Comment les utriculaires, ces plantes carnivores aquatiques couramment rencontrées dans les marais arrivent-elles à capturer leurs proies en moins d’une milliseconde ? Une équipe de physiciens du Laboratoire Interdisciplinaire de Physique (CNRS/Université Joseph Fourier Grenoble 1) vient d’identifier l’ingénieux processus mécanique qui permet à la plante de prendre au piège tous les petits animaux aquatiques un peu trop curieux qui s’en approcheraient. C’est l’inversion de sa courbure et la libération de l’énergie élastique associée qui sont à l’origine du piège aquatique le plus rapide que l’on connaisse.
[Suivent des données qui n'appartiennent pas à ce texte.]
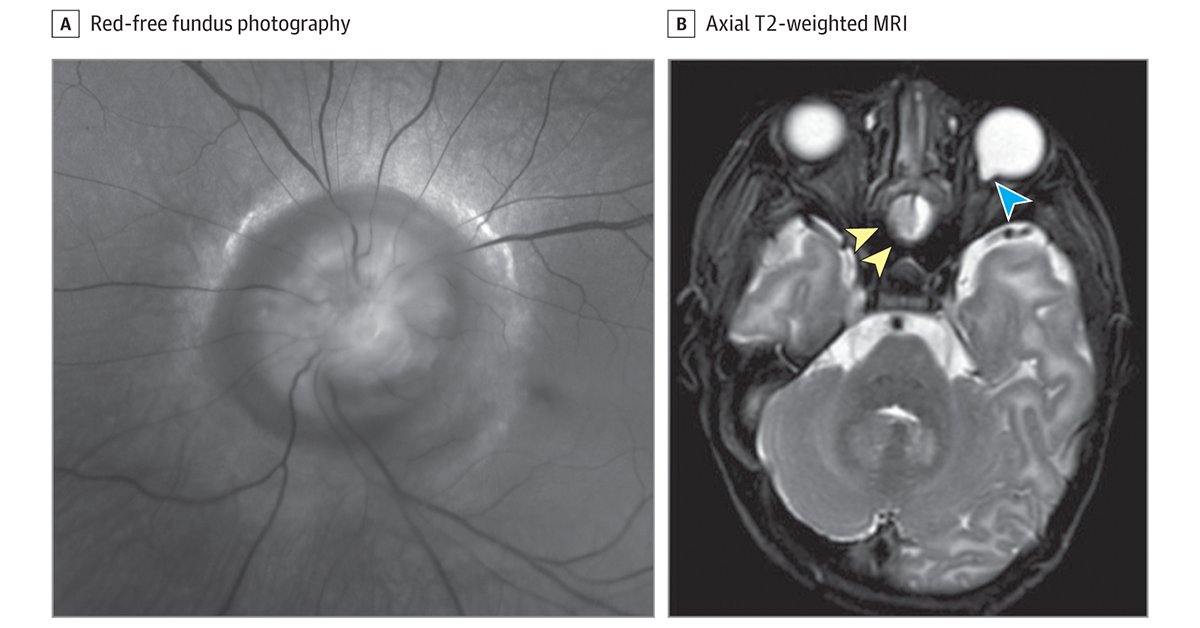 Most viewed in the last 7 days from @JAMAophth: A 2-week-old newborn was referred to a pediatric ophthalmology department for divergent strabismus. The infant had a superior cleft lip, hypertelorism, and a morning glory disc anomaly in the left eye. ja.ma/4aRVLPo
Ces résultats sont publiés le 16 février 2011 sur le site de la revue Proceedings of the Royal Society of London B.
Les utriculaires sont des plantes carnivores qui capturent de petites proies au moyen de remarquables pièges à aspiration. Ne possédant pas de racines, elles sont constituées de feuilles filiformes et fourchues sur lesquelles sont fixés les pièges en forme d’outre, de quelques millimètres seulement. Seules les fleurs sortent de l’eau, montées sur de longues tiges. Les pièges sont sous la surface. Lorsqu’un animal aquatique (puce d’eau, cyclopes, daphnies, ou petites larves de moustique) touche ses poils sensitifs, le piège l’aspire en une fraction de seconde ainsi que l’eau qui sera ensuite évacuée par les parois.
Pour comprendre le processus mécanique impliqué, les chercheurs ont observé et enregistré avec une caméra haute cadence les mouvements extrêmement rapides de la phase de capture. Les chercheurs montrent qu’il existe une phase de « flambage » de la porte du piège qui inverse sa courbure et lui permet de s’ouvrir et de se refermer très rapidement, emprisonnant ainsi sa proie. Le temps d’aspiration (moins d’une milliseconde) est bien plus court que ce qui était supposé auparavant.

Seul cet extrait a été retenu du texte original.